Exercise material:
== Segment start ==

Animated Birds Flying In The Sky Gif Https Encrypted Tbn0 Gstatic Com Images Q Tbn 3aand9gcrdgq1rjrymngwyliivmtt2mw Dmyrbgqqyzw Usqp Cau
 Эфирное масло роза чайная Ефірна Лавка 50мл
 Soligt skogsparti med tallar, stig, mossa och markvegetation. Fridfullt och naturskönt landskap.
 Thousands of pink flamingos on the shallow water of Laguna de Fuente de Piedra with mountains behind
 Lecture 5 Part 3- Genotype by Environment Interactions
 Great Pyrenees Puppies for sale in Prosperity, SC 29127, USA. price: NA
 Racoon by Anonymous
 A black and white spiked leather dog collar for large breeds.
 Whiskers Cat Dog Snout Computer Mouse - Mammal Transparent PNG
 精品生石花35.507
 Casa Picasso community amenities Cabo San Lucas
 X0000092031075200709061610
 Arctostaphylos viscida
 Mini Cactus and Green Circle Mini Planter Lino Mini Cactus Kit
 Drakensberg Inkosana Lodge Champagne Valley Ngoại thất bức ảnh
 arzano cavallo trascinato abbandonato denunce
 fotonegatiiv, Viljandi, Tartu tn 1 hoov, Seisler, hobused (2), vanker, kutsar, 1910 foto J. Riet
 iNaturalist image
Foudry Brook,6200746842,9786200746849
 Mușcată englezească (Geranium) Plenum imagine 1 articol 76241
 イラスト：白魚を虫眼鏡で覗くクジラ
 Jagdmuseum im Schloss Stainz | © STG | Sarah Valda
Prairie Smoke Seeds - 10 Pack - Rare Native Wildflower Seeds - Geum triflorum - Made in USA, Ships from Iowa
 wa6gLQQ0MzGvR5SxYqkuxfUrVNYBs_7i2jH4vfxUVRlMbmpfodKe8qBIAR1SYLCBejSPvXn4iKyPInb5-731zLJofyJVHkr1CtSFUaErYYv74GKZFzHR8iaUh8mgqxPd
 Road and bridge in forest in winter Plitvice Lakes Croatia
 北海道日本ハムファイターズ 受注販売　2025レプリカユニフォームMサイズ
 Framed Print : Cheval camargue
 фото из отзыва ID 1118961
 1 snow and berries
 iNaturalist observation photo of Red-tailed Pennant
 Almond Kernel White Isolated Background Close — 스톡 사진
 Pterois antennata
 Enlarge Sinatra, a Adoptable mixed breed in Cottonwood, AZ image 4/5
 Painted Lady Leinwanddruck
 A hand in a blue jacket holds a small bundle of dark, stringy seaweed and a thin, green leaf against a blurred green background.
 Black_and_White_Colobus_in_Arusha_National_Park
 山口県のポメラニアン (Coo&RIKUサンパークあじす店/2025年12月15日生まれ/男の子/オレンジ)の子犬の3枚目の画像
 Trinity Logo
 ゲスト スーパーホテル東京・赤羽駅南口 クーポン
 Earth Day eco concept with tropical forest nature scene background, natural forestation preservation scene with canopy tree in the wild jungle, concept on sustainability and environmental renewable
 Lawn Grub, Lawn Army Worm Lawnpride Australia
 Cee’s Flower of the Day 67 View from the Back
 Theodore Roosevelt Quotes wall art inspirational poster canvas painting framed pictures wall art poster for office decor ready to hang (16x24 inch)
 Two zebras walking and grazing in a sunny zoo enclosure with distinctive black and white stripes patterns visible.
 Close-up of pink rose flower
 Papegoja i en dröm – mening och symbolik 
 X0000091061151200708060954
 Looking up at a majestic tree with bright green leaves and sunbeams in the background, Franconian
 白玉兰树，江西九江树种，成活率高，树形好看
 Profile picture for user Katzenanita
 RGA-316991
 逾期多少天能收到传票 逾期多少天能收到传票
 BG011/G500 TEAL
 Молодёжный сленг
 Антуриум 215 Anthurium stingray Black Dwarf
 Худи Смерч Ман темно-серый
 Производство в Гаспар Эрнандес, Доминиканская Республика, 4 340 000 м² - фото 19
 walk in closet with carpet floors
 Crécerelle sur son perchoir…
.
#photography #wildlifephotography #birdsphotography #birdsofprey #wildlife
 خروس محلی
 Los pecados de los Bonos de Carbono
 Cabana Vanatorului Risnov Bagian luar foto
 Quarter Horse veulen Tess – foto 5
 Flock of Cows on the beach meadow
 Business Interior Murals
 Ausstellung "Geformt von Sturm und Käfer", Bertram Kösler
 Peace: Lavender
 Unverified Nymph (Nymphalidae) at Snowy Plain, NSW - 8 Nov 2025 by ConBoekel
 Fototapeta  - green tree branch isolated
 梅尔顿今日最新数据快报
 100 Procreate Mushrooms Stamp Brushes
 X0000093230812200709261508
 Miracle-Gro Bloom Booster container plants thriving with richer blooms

== Segment end ==

Above are the records; from them, give again exactly the lines from the one containing "Lecture 5 Part" through the one containing "arzano cavallo trascinato", both included.

 Lecture 5 Part 3- Genotype by Environment Interactions
 Great Pyrenees Puppies for sale in Prosperity, SC 29127, USA. price: NA
 Racoon by Anonymous
 A black and white spiked leather dog collar for large breeds.
 Whiskers Cat Dog Snout Computer Mouse - Mammal Transparent PNG
 精品生石花35.507
 Casa Picasso community amenities Cabo San Lucas
 X0000092031075200709061610
 Arctostaphylos viscida
 Mini Cactus and Green Circle Mini Planter Lino Mini Cactus Kit
 Drakensberg Inkosana Lodge Champagne Valley Ngoại thất bức ảnh
 arzano cavallo trascinato abbandonato denunce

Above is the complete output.